Canada’s emergency rooms bear the brunt of a ‘perfect storm’

By Anna Mehler Paperny

TORONTO (Reuters) – Public health officials across Canada have reduced the opening hours of hospital emergency rooms and urgent care clinics in recent weeks, a measure that may extend into the summer in some cases due to a surge in patient numbers and staff shortages.

The situation, clinicians say, is linked to a resurgence of viral infections like COVID-19 in adults and children and a drive by others to seek treatment, delayed by the pandemic and exacerbated by high numbers of sick or burned healthcare workers out.

The stress has led to scenes of congested hospital corridors and crowded clinic waiting rooms, hours of waiting for inpatient care, and occupancy rates in excess of 100% in children’s hospitals. It has also reignited debate about systemic issues in the government-funded healthcare system.

On Thursday, Perth and Smiths Falls District Hospital in eastern Ontario announced that its Perth emergency department would be closed Saturday through Thursday due to a COVID-19 outbreak affecting its staffing.

“It’s like the four horsemen of the apocalypse are all coming at us at the same time in healthcare,” said Alan Drummond, a general practitioner and emergency physician in the city, which is home to about 6,000 people.

Drummond, who spoke to Reuters before announcing the closure, sees patients waiting 20 hours to be admitted, a situation that could lead to their worsening condition or even medical errors. He blames the situation on years of underfunding for hospital beds and community supplies.

While small-town hospitals in Canada are sometimes reducing their hours, regional health centers are less likely to do so.

Ontario’s Department of Health declined to say how many hospitals in Canada’s most populous province are being affected by partial or temporary closures, but said it has taken steps to address the issue, including retaining nurses and other healthcare workers.

“Sometimes hospitals have to make the difficult decision to temporarily close their emergency rooms so operations can continue throughout the hospital,” a ministry spokesman said.

Hospitals in Quebec, the country’s second-largest province, New Brunswick and Manitoba have partially closed departments or temporarily reduced hours for a few weeks to several months, according to the hospitals.

In Kingston, Ontario, Hotel Dieu Hospital’s Urgent Care Clinic reduced its hours over the Canada Day long weekend. A spokesman for Kingston Health Science Center described the move, which began on Friday, as a planned one-off reduction, but added that “staff shortages and the current surge in patient numbers are expected to continue throughout the summer.”

Children have been hit hard by the health care crisis as youngsters who had not previously been exposed to a range of viruses succumbed to illness in the spring as many people shed their face masks used to prevent the spread of COVID-19.

The Children’s Hospital of Eastern Ontario in Ottawa, the nation’s capital, had 110% to 120% occupancy for weeks in May and early June. Occupancy was a record high for the month of May, a spokesman said.
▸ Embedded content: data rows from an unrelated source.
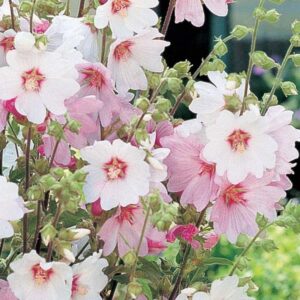 Lavatera x Clementii Dwarf 'Barnsley Baby' Perennial XXL Supersize Plug Plants Pack x3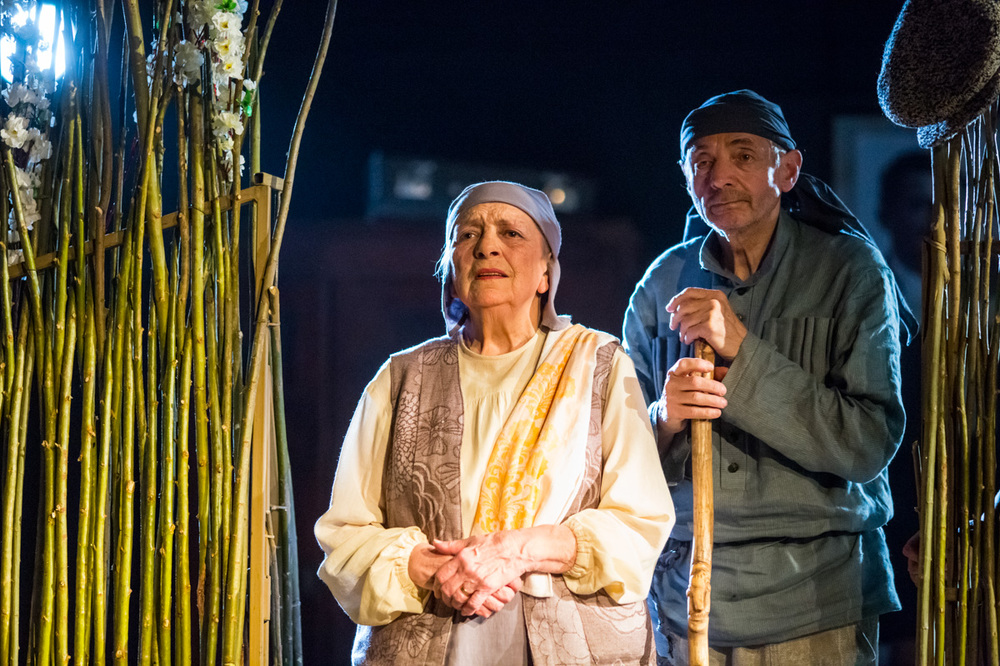 Наталия Терентьева и Валерий Соколов в спектакле "Я, бабушка, Илико и Илларион". Фото Т.Кучариной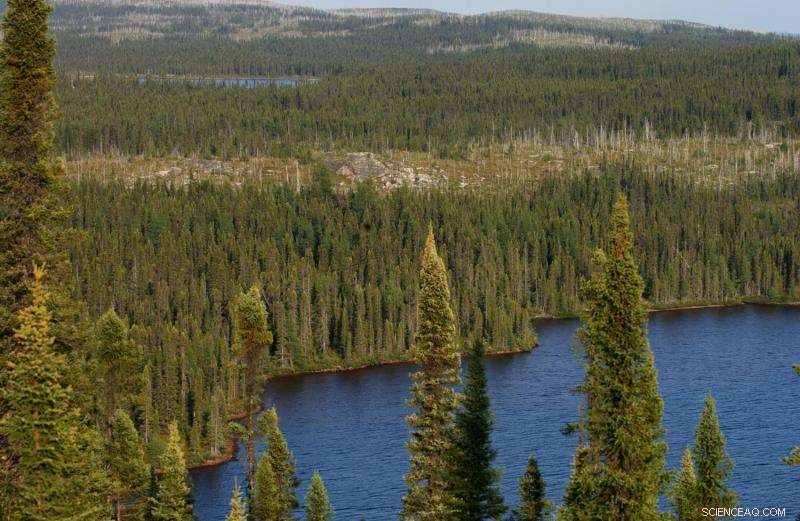 Deciduous Trees Mitigate Carbon Loss from Alaskan Boreal Fires, New Study Finds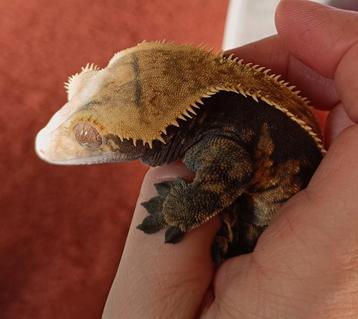 Wimpergekko man  beschikbaar voor biedingen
Low staffing requirements and increasing patient numbers are “something like the perfect storm,” said Katharine Smart, a pediatrician and president of the Canadian Medical Association.

FUNDING DEBATE

Canada has the fourth lowest number of funded acute care beds per capita among Organization for Economic Co-operation and Development -acute-care, and the Commonwealth countries, according to the OECD https://www.oecd.org/coronavirus/en/data-insights/hospital-beds Fund https://www.commonwealthfund.org/publications/fund-reports/2021/aug/mirror-mirror-2021-reflecting-poorly#rank Canada’s healthcare system second to bottom out of 11 wealthy countries.

Some have blamed underfunding of the healthcare system since the 1990s, when Canada’s federal government cut spending to deal with the country’s deficit.

Others, like the right-wing Fraser Institute https://www.fraserinstitute.org/studies/understanding-universal-health-care-reform-options-cost-sharing-for-patients, say the federally funded system itself is the root cause of problems, suggesting a shift towards a privately paid model.

Canada may have little time to lose.

Rami Rahal, vice president of the Canadian Partnership Against Cancer, said there is a risk that cancer incidence and deaths could get worse in the country due to long periods of skipping or delaying screenings and postponing treatments.

“We cannot work our way out of this crisis through rents,” he said. “We have to find innovative ways of care.”